Architecture of a Database System – Hellerstein, Stonebraker & Hamilton, 2007.
This is a longer read (and hence a slightly longer write-up too) coming in at 119 pages, but it’s written in a very easy style so the pages fly by. It oozes wisdom and experience from every paragraph as Joe Hellerstein and Michael Stonebroker and James Hamilton (how’s that for some respected authorship!) take you through the architecture of a database system (circa. 2007) blending academic and industrial experience and insights. If those who don’t understand history are doomed to repeat it, then this is essential reading!
This paper presents an architectural discussion of DBMS design principles, including process models, parallel architecture, storage system design, transaction system implementation, query processor and optimizer architectures, and typical shared components and utilities…. For a number of reasons, the lessons of database systems architecture are not as broadly known as they should be.
The paper is a guided tour through the main subsystems of a relational database management system, as illustrated in the following figure, which I’ve simplified from the one in the paper. (This is for you Simon 😉 ).
Each of the five main components is given a dedicated section in the paper. I can only hope to give the briefest of outlines in this short summary, I hope it whets your appetite to go ahead and read the whole thing.
In this simpliﬁed context, a DBMS has three natural process model options. From the simplest to the most complex, these are: (1) process per DBMS worker, (2) thread per DBMS worker, and (3) process pool. Although these models are simplified, all three are in use by commercial DBMS systems today.
Process pool is a variant of process-per-worker, but with a bounded pool of workers (and thus a requestor waits if no process is available). As OS thread support improved, a second variant of this emerged based on a thread pool. Disk I/O buffers and Client Communication buffers are used to move request and results between processes.
As log entries are generated during transaction processing, they are staged to an in-memory queue that is periodically ﬂushed to the log disk(s) in FIFO order. This queue is usually called the log tail. In many systems, a separate process or thread is responsible for periodically ﬂushing the log tail to the disk.
To stop work from over-running the system, every DBMS needs admission control ( a lesson some enterprise systems are still learning!).
…any good multi-user system has an admission control policy, which does not accept new work unless suﬃcient DBMS resources are available. With a good admission controller, a system will display graceful degradation under overload: transaction latencies will increase proportionally to the arrival rate, but throughput will remain at peak.
You can have admission control ‘at the front door’ to limit the number of client connections, but it is also important to have admission control in the engine room:
The second layer of admission control must be implemented directly within the core DBMS relational query processor. This execution admission controller runs after the query is parsed and optimized, and determines whether a query is postponed, begins execution with fewer resources, or begins execution without additional constraints
There follows a discussion of scaling up and out and a look at shared memory, shared disk, shared nothing and NUMA architectures.

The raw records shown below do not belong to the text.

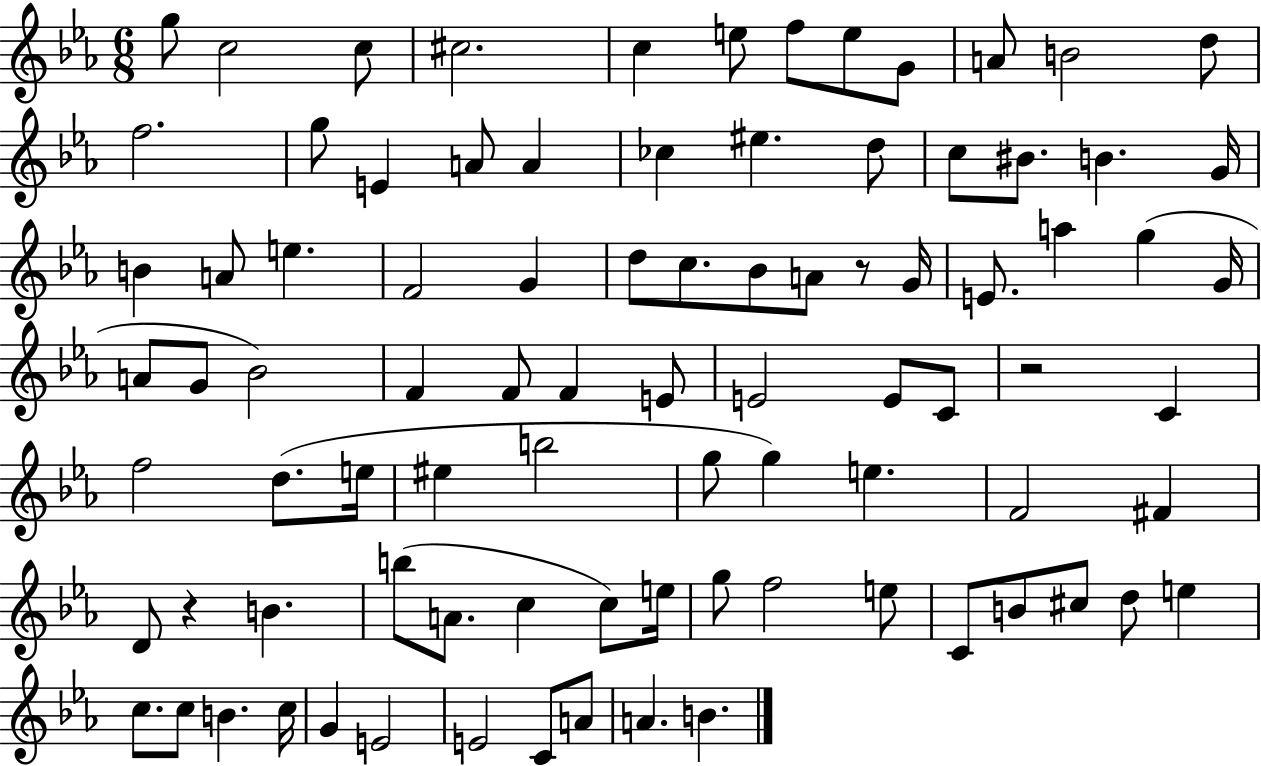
G5/e C5/h C5/e C#5/h. C5/q E5/e F5/e E5/e G4/e A4/e B4/h D5/e F5/h. G5/e E4/q A4/e A4/q CES5/q EIS5/q. D5/e C5/e BIS4/e. B4/q. G4/s B4/q A4/e E5/q. F4/h G4/q D5/e C5/e. Bb4/e A4/e R/e G4/s E4/e. A5/q G5/q G4/s A4/e G4/e Bb4/h F4/q F4/e F4/q E4/e E4/h E4/e C4/e R/h C4/q F5/h D5/e. E5/s EIS5/q B5/h G5/e G5/q E5/q. F4/h F#4/q D4/e R/q B4/q. B5/e A4/e. C5/q C5/e E5/s G5/e F5/h E5/e C4/e B4/e C#5/e D5/e E5/q C5/e. C5/e B4/q. C5/s G4/q E4/h E4/h C4/e A4/e A4/q. B4/q.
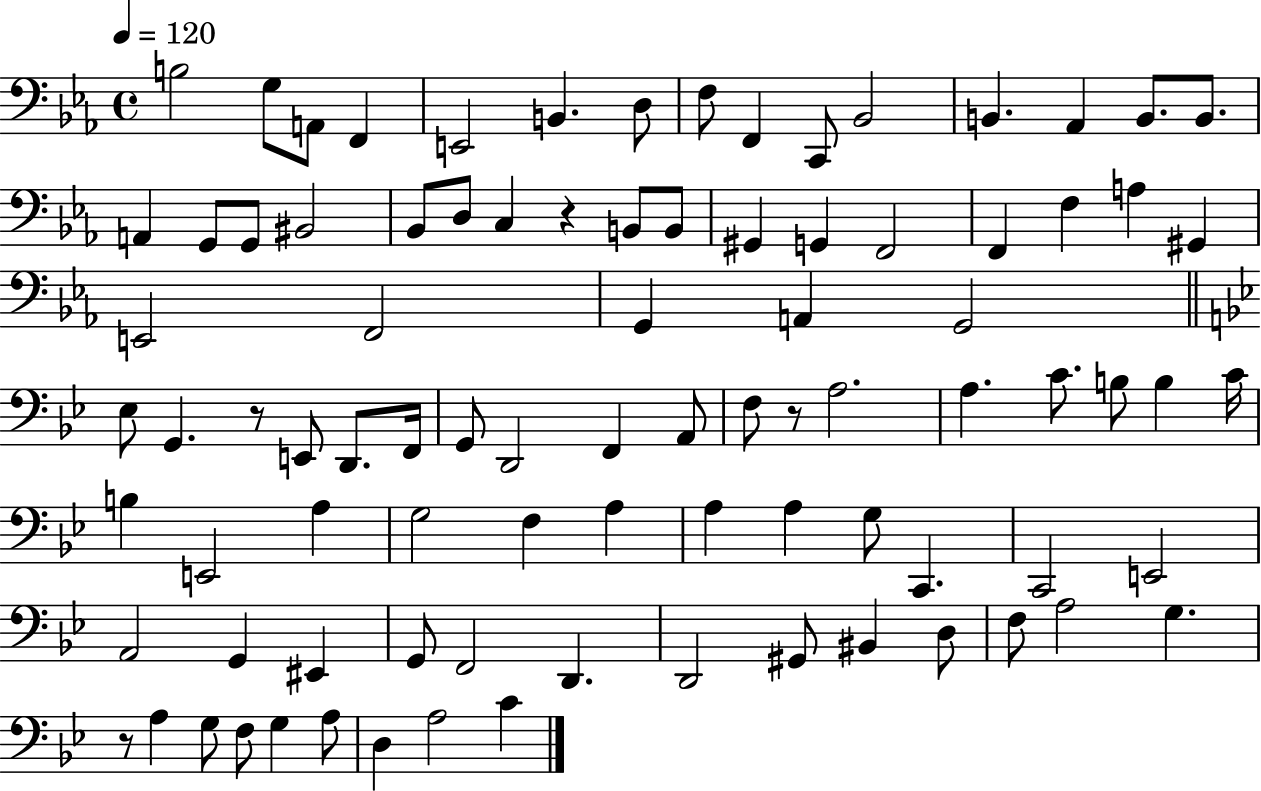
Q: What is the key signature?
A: EES major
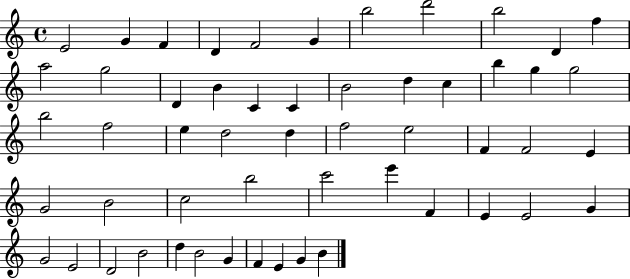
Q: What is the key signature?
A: C major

The shared-nothing architecture is fairly common today, and has unbeatable scalability and cost characteristics. It is mostly used at the extreme high end, typically for decision-support applications and data warehouses.
Circa 2007, what models were in use?
- Shared-Memory: All major commercial DBMS providers support shared memory parallelism including: IBM DB2, Oracle, and Microsoft SQL Server.
- Shared-Nothing: This model is supported by IBM DB2, Informix, Tandem, and NCR Teradata among others; Greenplum offers a custom version of PostgreSQL that supports shared-nothing parallelism.
- Shared-Disk: This model is supported by Oracle RAC, RDB (acquired by Oracle from Digital Equipment Corp.), and IBM DB2 for zSeries amongst others.
Relational Query Processor
A relational query processor takes a declarative SQL statement, validates it, optimizes it into a procedural dataﬂow execution plan, and (subject to admission control) executes that dataﬂow program on behalf of a client program.
The main tasks for a SQL Parser are:
- check that the query is correctly specified
- resolve names and references
- convert the query into the internal format used by the optimizer
- verify that the user is authorized to execute the query
The query rewrite module, or rewriter, is responsible for simplifying and normalizing the query without changing its semantics. It can rely only on the query and on metadata in the catalog, and cannot access data in the tables.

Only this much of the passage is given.